**Activity**
The lines to be copied are those below that contain "Spark".

**Exercise data**

-.-.-

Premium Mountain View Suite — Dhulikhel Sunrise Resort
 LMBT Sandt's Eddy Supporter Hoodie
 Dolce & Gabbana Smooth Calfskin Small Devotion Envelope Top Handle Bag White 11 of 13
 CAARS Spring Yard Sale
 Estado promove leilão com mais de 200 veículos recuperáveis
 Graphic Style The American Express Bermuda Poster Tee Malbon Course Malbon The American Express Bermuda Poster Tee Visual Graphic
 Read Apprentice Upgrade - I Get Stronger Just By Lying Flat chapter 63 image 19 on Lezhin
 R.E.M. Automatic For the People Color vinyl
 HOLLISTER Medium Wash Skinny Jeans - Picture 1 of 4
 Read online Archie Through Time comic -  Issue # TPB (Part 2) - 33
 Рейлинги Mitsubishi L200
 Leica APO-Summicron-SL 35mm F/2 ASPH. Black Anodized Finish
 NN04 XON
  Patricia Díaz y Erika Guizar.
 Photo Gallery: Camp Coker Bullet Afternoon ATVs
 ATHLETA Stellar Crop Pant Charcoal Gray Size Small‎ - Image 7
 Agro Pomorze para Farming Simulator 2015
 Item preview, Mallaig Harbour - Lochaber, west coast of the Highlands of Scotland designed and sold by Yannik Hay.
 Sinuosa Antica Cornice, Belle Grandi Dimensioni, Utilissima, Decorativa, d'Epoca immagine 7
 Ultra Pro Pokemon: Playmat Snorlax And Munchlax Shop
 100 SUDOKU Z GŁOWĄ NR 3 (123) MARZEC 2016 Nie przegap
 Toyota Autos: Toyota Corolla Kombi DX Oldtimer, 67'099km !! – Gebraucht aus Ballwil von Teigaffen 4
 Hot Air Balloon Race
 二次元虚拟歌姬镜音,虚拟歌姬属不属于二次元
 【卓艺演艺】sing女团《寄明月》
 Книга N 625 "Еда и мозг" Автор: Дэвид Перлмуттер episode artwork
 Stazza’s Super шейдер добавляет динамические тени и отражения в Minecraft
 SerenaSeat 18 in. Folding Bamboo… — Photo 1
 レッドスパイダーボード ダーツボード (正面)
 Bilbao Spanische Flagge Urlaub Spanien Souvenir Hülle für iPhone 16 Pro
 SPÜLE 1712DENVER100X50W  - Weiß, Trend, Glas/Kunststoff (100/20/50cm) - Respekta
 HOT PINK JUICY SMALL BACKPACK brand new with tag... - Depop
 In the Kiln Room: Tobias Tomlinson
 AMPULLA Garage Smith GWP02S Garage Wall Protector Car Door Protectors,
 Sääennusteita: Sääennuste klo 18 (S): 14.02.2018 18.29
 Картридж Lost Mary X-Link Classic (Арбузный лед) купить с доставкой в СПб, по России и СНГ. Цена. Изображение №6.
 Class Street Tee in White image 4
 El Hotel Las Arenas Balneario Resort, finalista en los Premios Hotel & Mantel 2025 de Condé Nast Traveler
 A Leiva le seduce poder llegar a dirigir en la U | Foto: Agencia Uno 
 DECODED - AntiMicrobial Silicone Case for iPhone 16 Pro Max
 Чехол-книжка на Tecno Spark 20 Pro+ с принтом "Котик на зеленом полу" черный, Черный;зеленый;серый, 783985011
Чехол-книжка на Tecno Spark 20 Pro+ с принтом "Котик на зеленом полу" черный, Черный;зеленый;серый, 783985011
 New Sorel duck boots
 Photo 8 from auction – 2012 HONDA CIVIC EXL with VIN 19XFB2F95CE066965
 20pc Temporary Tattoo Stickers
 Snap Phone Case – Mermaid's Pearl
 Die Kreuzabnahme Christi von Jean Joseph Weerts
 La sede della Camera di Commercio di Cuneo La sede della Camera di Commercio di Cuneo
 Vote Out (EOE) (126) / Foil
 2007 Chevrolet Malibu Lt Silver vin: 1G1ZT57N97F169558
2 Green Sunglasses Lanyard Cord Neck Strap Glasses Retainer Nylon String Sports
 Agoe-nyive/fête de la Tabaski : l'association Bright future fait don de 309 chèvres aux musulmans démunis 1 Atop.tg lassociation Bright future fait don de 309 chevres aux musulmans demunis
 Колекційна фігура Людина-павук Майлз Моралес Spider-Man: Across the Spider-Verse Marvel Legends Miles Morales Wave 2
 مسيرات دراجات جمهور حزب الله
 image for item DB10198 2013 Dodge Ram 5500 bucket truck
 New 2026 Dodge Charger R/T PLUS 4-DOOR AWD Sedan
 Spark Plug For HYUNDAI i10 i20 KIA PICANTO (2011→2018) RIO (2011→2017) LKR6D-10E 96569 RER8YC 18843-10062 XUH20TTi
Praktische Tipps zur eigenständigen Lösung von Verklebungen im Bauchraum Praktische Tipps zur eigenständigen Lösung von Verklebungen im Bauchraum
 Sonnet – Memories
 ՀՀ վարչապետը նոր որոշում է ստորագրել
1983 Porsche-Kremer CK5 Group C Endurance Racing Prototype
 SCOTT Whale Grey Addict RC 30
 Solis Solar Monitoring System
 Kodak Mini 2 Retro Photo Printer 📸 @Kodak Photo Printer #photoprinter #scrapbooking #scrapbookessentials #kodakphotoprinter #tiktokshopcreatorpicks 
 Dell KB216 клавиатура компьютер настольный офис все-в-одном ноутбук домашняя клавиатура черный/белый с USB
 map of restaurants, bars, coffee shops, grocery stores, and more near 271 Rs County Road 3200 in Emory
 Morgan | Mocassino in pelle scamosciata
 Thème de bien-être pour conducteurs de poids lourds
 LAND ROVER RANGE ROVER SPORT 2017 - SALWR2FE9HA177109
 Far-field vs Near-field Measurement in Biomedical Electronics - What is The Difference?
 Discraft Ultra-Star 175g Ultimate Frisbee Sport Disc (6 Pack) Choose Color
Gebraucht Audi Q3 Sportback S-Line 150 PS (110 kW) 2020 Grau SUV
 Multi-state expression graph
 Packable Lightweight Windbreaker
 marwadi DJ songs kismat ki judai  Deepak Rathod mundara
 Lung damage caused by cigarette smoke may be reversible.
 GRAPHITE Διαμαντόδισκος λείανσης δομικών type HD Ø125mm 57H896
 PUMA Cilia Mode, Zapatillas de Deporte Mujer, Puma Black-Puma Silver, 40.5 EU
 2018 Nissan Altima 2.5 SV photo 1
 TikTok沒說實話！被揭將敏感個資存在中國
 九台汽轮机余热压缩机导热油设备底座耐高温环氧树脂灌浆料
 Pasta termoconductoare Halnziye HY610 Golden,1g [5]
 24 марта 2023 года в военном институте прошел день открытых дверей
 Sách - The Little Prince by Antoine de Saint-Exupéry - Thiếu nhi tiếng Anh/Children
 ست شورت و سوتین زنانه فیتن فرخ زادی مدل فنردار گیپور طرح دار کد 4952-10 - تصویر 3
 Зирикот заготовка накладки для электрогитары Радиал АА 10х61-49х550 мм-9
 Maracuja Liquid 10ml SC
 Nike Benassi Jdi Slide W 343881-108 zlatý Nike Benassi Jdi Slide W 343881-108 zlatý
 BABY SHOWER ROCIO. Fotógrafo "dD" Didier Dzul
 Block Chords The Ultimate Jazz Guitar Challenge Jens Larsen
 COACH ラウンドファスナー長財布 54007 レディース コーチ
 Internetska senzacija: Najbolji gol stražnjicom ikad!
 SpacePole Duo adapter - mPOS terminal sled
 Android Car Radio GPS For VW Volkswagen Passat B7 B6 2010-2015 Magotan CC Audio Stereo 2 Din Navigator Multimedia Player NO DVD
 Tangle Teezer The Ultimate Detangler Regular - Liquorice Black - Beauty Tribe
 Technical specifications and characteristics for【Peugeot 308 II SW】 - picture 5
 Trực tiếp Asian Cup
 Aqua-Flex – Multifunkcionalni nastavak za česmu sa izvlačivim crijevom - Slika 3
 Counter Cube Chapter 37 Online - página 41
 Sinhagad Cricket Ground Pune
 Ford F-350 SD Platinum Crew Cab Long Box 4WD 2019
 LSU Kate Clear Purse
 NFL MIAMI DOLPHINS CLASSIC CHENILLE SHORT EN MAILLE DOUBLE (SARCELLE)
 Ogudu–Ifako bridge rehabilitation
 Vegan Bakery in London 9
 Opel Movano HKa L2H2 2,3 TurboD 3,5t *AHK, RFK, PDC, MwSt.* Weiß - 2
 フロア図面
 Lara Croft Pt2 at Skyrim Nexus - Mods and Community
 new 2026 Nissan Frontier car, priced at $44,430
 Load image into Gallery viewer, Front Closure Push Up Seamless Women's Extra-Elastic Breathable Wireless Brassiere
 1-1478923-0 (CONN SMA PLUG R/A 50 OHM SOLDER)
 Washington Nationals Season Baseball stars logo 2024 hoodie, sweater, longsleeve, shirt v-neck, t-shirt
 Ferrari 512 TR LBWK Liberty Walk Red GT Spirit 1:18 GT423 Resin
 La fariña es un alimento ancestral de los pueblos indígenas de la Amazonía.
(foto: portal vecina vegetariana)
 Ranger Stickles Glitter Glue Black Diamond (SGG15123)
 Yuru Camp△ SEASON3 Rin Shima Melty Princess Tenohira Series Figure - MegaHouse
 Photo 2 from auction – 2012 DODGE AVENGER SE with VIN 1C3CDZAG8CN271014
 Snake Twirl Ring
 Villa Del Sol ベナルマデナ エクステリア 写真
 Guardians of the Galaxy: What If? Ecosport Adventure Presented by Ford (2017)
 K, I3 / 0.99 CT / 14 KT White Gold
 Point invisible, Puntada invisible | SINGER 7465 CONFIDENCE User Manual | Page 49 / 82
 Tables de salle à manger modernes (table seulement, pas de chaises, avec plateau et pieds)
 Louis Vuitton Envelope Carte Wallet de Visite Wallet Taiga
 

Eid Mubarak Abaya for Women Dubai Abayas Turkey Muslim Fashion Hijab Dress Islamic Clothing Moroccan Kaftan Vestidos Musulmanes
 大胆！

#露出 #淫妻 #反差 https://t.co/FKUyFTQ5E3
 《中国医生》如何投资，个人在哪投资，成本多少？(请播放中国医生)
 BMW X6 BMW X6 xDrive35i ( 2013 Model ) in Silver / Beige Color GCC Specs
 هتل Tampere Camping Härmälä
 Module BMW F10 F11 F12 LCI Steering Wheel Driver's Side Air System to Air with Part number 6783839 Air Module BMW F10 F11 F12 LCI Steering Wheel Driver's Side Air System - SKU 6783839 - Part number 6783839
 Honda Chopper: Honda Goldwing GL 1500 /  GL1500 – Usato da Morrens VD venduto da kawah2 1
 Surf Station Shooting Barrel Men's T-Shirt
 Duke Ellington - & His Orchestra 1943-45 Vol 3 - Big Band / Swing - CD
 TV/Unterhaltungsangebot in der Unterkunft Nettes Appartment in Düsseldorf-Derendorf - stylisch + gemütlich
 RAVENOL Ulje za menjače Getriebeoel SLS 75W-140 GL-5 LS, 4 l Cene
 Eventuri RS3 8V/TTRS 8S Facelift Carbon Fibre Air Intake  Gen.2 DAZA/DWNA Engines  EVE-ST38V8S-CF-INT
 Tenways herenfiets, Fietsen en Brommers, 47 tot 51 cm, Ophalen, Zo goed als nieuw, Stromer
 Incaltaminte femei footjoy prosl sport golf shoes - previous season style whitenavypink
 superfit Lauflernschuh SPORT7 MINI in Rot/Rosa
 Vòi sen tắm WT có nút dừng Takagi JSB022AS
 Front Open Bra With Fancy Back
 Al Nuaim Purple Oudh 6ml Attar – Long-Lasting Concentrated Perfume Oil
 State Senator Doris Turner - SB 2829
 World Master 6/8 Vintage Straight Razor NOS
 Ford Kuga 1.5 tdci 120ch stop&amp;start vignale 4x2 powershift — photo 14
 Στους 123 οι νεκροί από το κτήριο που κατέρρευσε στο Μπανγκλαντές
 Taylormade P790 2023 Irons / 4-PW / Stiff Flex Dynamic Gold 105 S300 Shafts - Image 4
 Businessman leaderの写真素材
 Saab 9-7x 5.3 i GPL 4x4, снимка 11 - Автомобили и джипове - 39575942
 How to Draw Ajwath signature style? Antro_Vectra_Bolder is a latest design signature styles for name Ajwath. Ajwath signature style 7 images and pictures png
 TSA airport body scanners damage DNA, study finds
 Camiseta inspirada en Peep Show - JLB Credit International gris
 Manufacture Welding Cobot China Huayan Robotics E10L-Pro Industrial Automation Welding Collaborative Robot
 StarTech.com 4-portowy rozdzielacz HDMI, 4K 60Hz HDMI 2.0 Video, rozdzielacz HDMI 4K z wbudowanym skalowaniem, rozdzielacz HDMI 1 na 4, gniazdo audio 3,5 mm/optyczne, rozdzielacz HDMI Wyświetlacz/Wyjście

-.-.-

**Expected answer**
 Чехол-книжка на Tecno Spark 20 Pro+ с принтом "Котик на зеленом полу" черный, Черный;зеленый;серый, 783985011
Чехол-книжка на Tecno Spark 20 Pro+ с принтом "Котик на зеленом полу" черный, Черный;зеленый;серый, 783985011
 Spark Plug For HYUNDAI i10 i20 KIA PICANTO (2011→2018) RIO (2011→2017) LKR6D-10E 96569 RER8YC 18843-10062 XUH20TTi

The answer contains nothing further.